O caminho do progresso em um mundo de desigualdade social



Quando li, nesta quinta-feira (4), no jornal “Valor Econômico”, a notícia de que a empresa Santo Antônio Energia (SAE) está com a situação financeira bastante desequilibrada, meu pensamento foi, imediatamente, para a senhorinha que entrevistei quando estive em Porto Velho fazendo reportagem sobre pessoas que tiveram que sair de suas casas para dar lugar à Usina Hidrelétrica Santo Antônio – instalada no Rio Madeira, na capital de Rondônia. Era novembro de 2011 e eu estava ali, a convite da própria empresa, para ouvir histórias de vidas. A de Emilia Mendes, na época com 84 anos, foi a que mais me impactou. Dentre os 1.736 moradores ribeirinhos do Madeira que precisaram ceder lugar à Usina, Emilia foi uma das que deu mais trabalho à equipe técnica da SAE: não queria sair de casa de jeito nenhum.

A casa de Emilia não estava no traçado do alagamento que a Usina provocaria, mas em área de risco por causa das obras. Os técnicos da Santo Antônio apresentaram-lhe as opções que estavam sendo oferecidas aos reassentados: receber o pagamento do que valia a casa em dinheiro ou ter um crédito para comprar outra casa ou, ainda, se mudar para uma casa nova construída perto dali. A todas as opções, Emilia respondeu com as mesmas palavras: “Não quero. Daqui só saio morta”.

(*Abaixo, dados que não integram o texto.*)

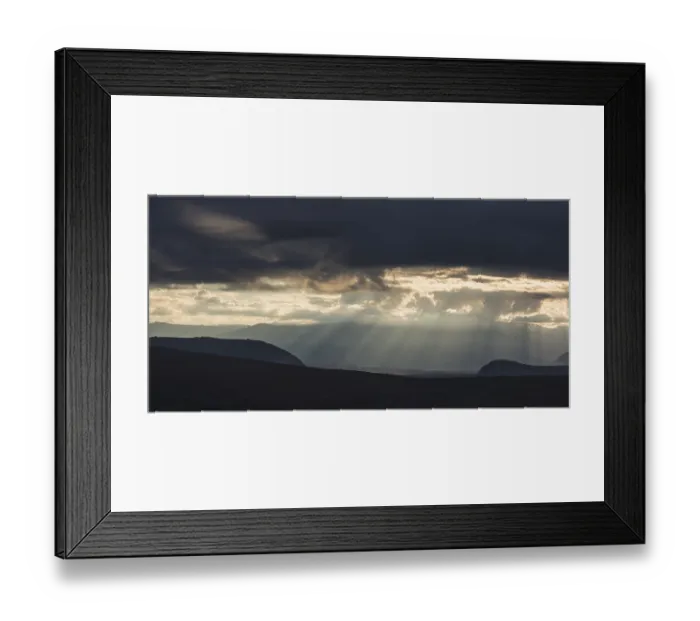 Framed Print : Sun rays fall through clouds in mountain landscape Framed Print : Sun rays fall through clouds in mountain landscape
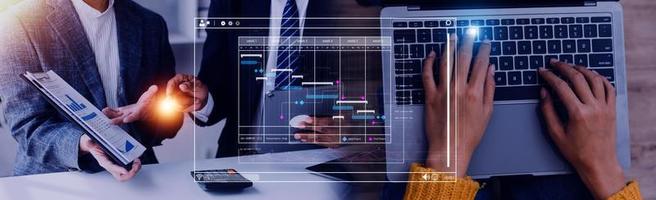 Project manager working with Gantt chart schedule to plan tasks and deliverables. Scheduling activities with a planning software, Corporate strategy for finance, operations, sales, marketing. photo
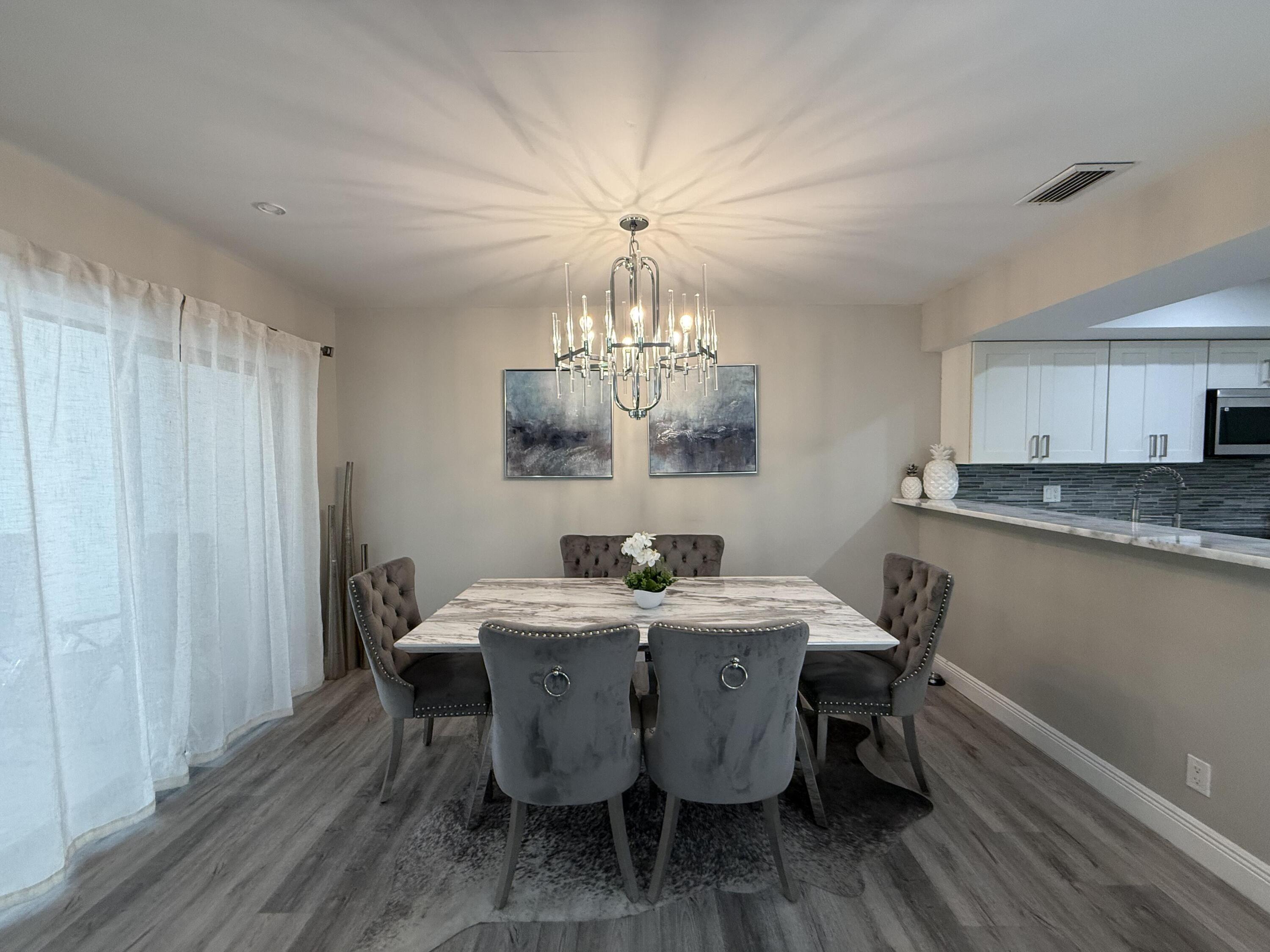22874 Ironwedge Drive Boca Raton, FL 33433 - Photo 13 of 52 a view of a dining room with furniture window and wooden floor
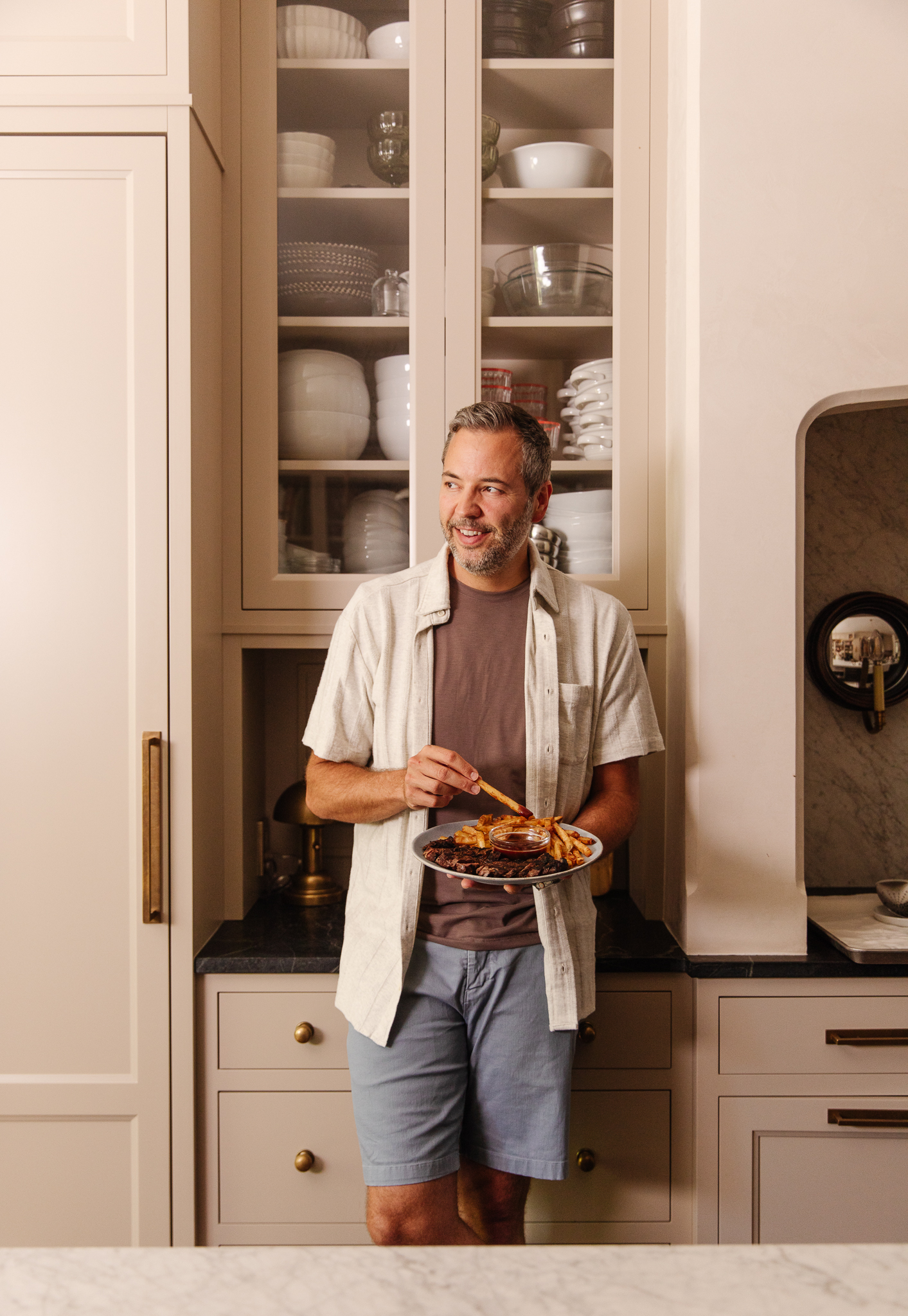 Chris Loves Julia | Chris standing in the kitchen holding a plate of Steak Frites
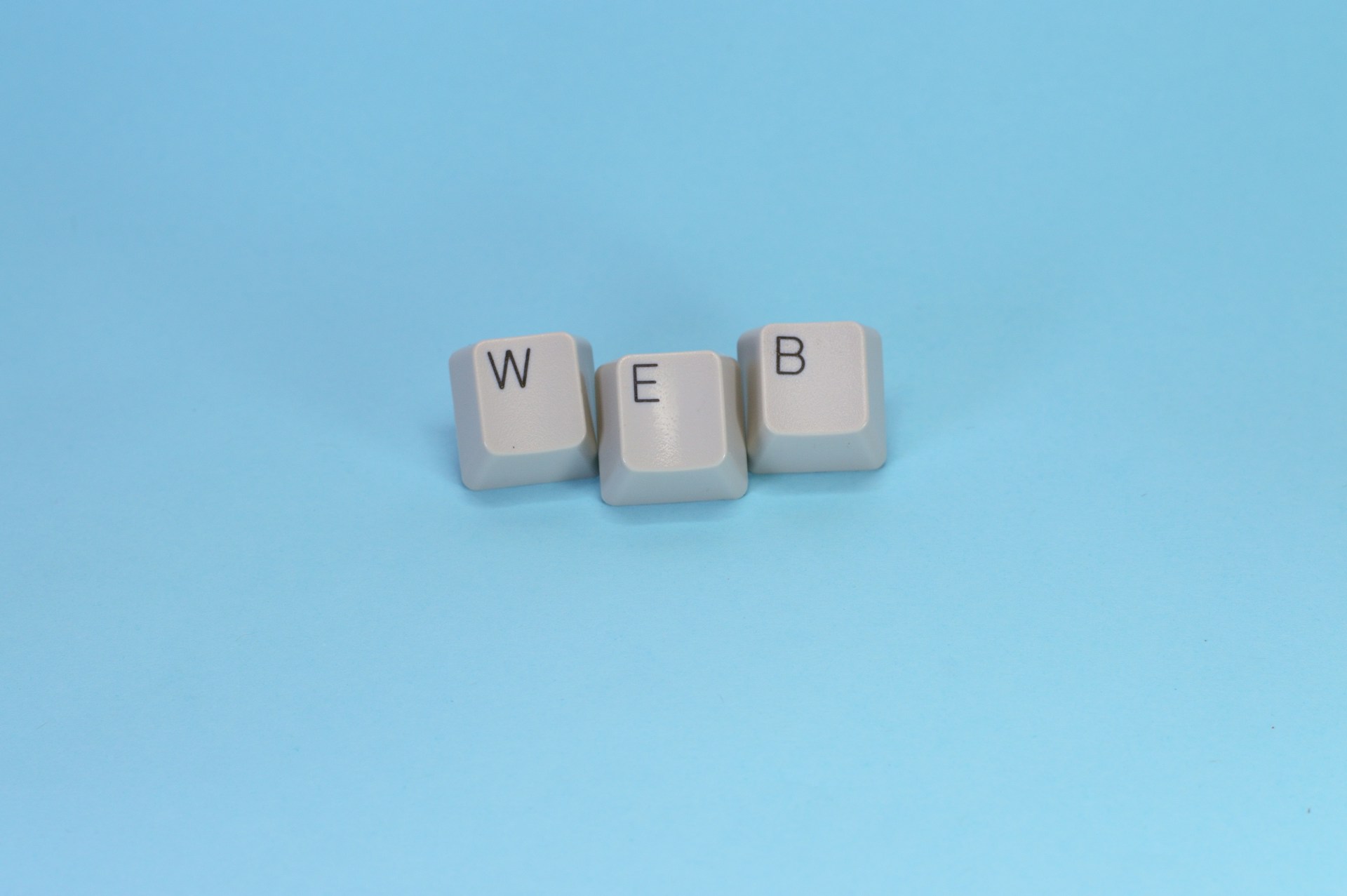 Keyboard keys spell out the word "web."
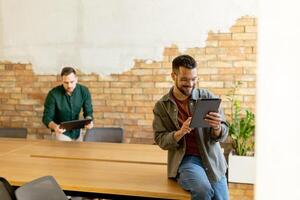 engagé collègues dans une moderne espace de travail, réflexion avec tablette et portable photo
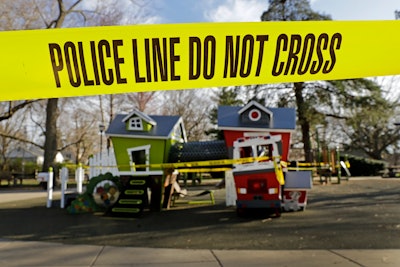 Police tape is used to keep people from using a playground.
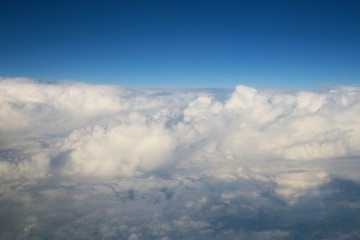 Fototapeta na wymiar Looking Out the Window of a Commercial Jet Down on a Bank of Enormous White Fluffy Clouds Heading North Up the East Coast of the United States toward Washington D.C. Late in the Afternoon
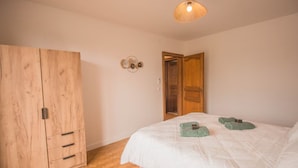 Un dormitorio con un armario de madera, una cama con ropa de cama blanca y una lámpara colgante.
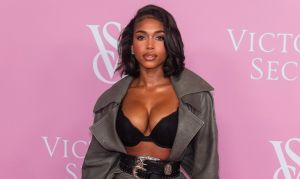 A woman in a black bra and gray coat posing in front of a pink backdrop with "Victoria's Secret" branding.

A solução foi erguer uma casa igual à dela, com o mesmo tipo de madeira (exigência de Emilia), apenas alguns metros acima, para sair do risco.

Outra exigência cumprida foi que não retirassem a árvore que ela, diariamente, ao acordar às 4h da manhã, contemplava enquanto tomava o café que ela mesma fazia. O ritual era seguido desde que Emilia se entendeu por gente. Casou-se, teve filhos, sempre ali, na mesma casa. Não estudou, nunca aprendeu a ler, porque o pai achava que isso não era “coisa para mulher”.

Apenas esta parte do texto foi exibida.